• _EXERCISE INSTRUCTIONS_
Beginning with the line that holds "Gorgeous new listing" in the data below, give again every line through the one that holds "Produktbild Spin Master", exactly as written.

• _INFORMATION SUPPLIED_
------------------------

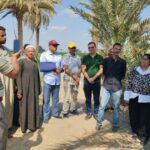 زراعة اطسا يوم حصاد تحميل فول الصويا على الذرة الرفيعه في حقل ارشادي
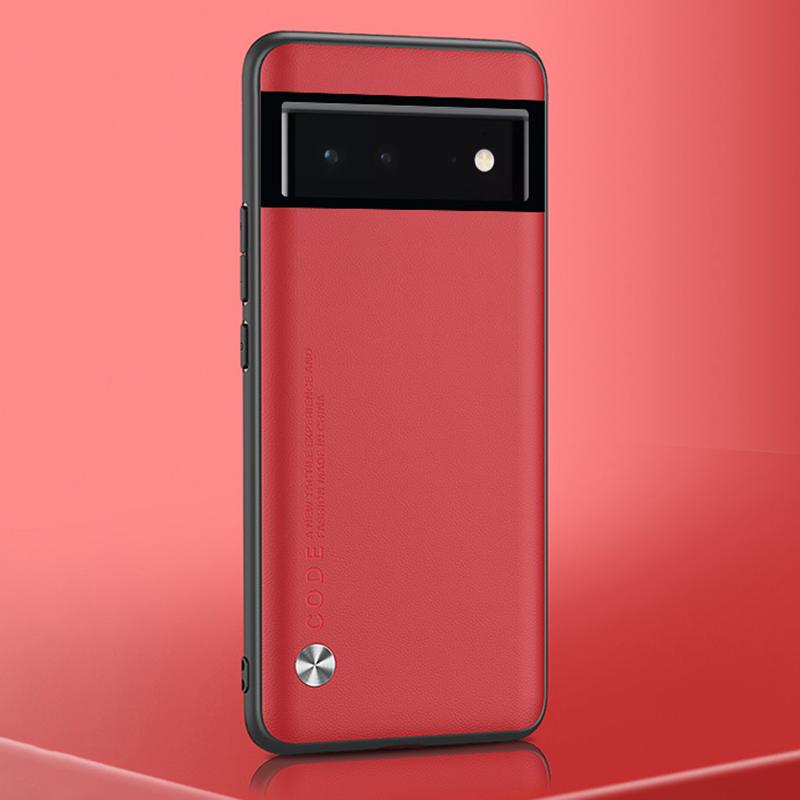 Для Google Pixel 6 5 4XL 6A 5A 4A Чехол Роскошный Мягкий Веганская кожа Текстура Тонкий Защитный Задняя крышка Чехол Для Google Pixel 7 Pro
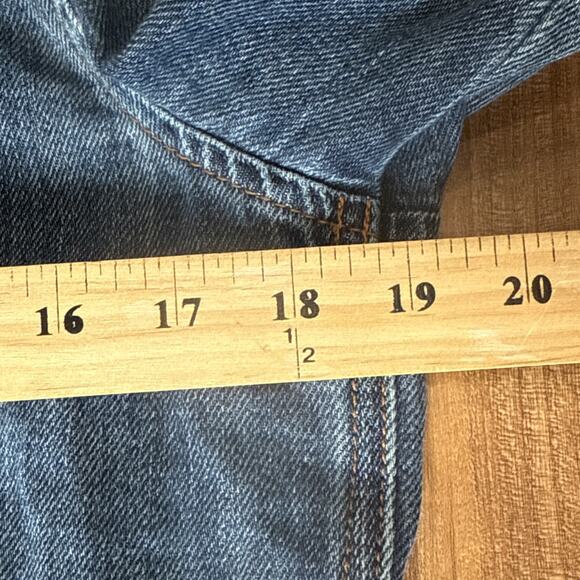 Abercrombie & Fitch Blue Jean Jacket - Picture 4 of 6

------------------------

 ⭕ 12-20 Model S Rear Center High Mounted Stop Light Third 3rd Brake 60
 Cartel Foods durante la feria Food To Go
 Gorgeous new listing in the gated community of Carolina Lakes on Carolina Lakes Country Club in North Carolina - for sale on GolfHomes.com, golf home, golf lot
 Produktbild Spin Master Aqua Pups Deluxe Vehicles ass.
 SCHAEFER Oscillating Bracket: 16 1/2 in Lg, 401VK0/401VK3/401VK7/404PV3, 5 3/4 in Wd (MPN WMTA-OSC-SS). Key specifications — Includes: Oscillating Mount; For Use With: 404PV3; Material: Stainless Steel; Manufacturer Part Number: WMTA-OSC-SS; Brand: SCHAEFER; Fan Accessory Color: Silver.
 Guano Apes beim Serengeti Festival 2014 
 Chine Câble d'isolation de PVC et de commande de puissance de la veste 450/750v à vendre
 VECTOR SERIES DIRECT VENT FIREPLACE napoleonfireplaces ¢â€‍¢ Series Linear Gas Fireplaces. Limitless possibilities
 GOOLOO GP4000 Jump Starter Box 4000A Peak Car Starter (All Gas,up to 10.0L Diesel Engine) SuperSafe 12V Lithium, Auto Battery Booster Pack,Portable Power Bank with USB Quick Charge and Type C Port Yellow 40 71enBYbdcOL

------------------------

• _YOUR RESPONSE_
 Gorgeous new listing in the gated community of Carolina Lakes on Carolina Lakes Country Club in North Carolina - for sale on GolfHomes.com, golf home, golf lot
 Produktbild Spin Master Aqua Pups Deluxe Vehicles ass.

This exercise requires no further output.